● Problem requirements
Range to output from the entries below: the line containing "江苏实木中式沙发,中式实木整装沙发" through the line containing "Blue Cotton Blend Bermuda Sweatpants Shorts". Set it down exactly, ends included, nothing else.

(Beginning of The data)

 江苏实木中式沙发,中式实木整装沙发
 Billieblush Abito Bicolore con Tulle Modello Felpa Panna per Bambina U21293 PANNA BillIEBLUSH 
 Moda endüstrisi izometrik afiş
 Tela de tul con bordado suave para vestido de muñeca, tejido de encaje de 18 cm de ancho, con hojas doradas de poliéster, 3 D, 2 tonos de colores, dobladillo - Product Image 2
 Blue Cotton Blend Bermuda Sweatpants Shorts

(End of The data)
(Beginning of The data)

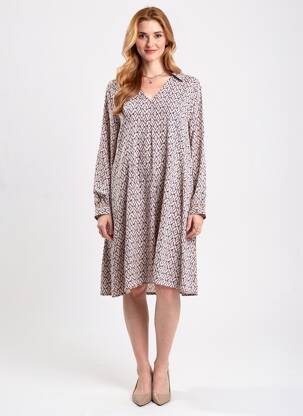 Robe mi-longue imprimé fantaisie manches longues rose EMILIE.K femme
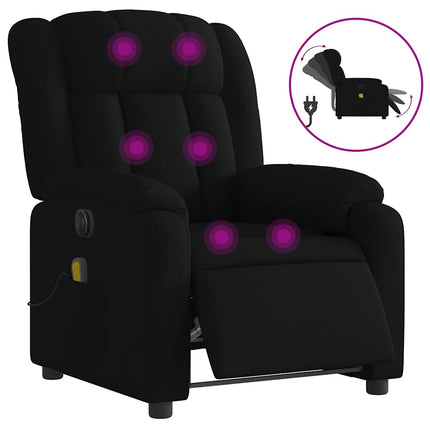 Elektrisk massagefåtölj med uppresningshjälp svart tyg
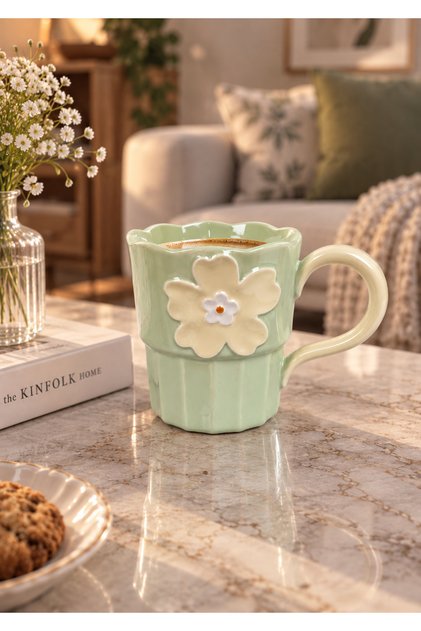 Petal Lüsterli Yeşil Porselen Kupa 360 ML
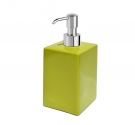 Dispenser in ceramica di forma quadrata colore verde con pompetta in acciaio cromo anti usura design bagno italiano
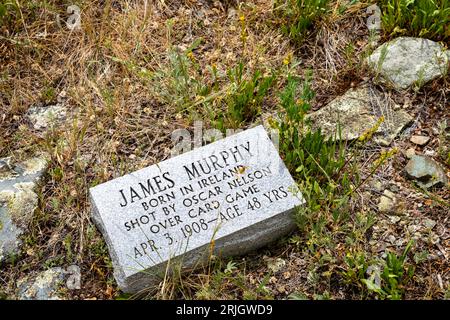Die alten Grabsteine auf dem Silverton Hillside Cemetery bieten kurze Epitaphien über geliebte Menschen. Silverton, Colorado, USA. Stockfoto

(End of The data)
(Beginning of The data)

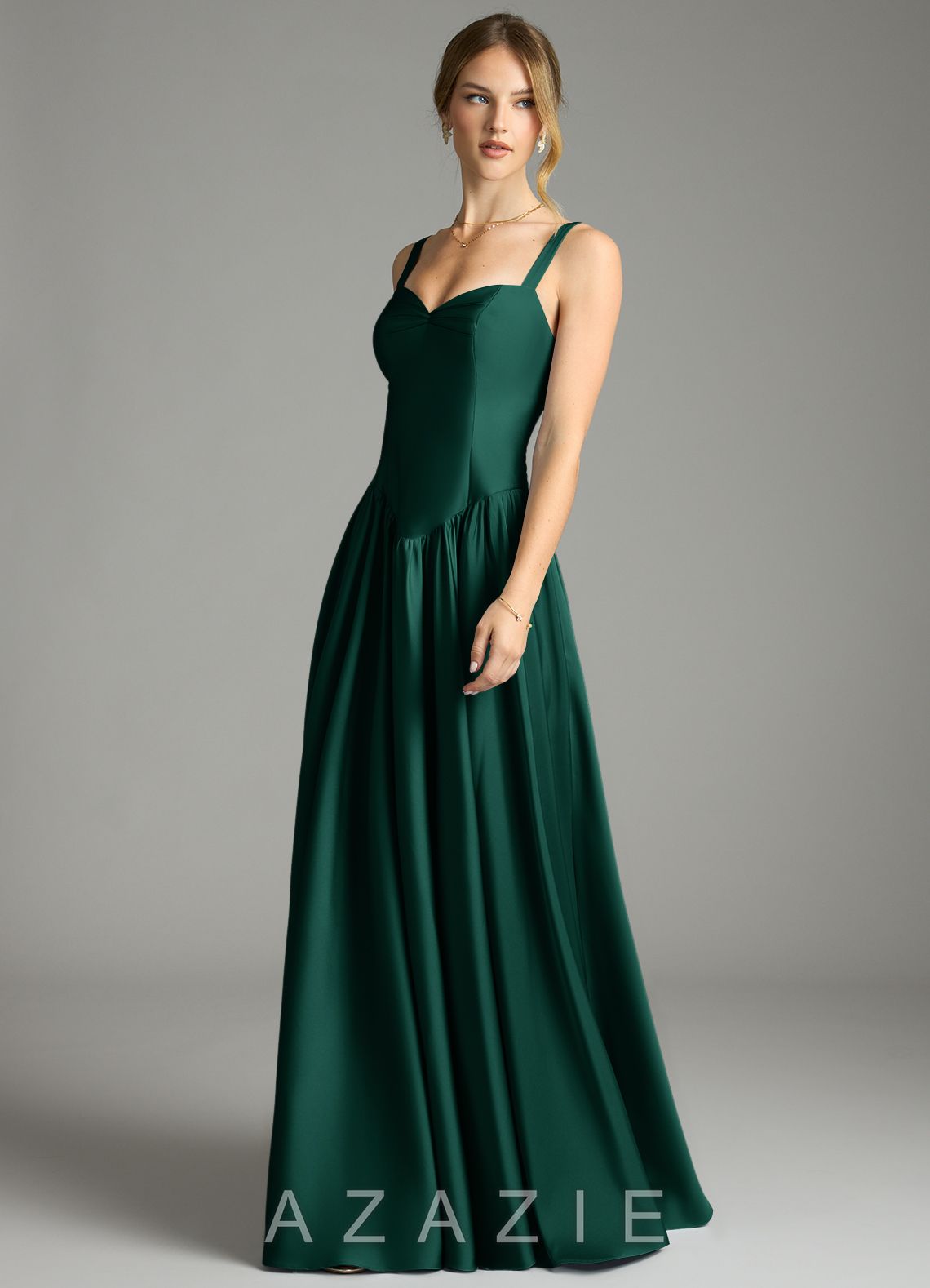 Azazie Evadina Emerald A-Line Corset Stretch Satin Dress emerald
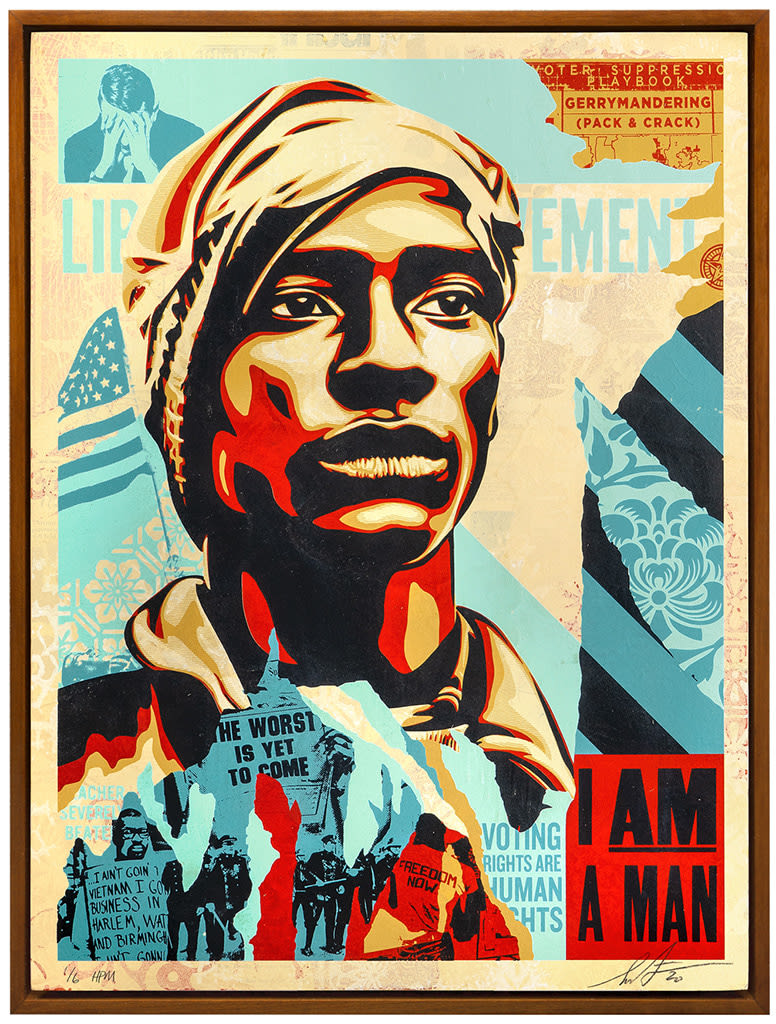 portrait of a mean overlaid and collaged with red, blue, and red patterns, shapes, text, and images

(End of The data)

● Task output
 江苏实木中式沙发,中式实木整装沙发
 Billieblush Abito Bicolore con Tulle Modello Felpa Panna per Bambina U21293 PANNA BillIEBLUSH 
 Moda endüstrisi izometrik afiş
 Tela de tul con bordado suave para vestido de muñeca, tejido de encaje de 18 cm de ancho, con hojas doradas de poliéster, 3 D, 2 tonos de colores, dobladillo - Product Image 2
 Blue Cotton Blend Bermuda Sweatpants Shorts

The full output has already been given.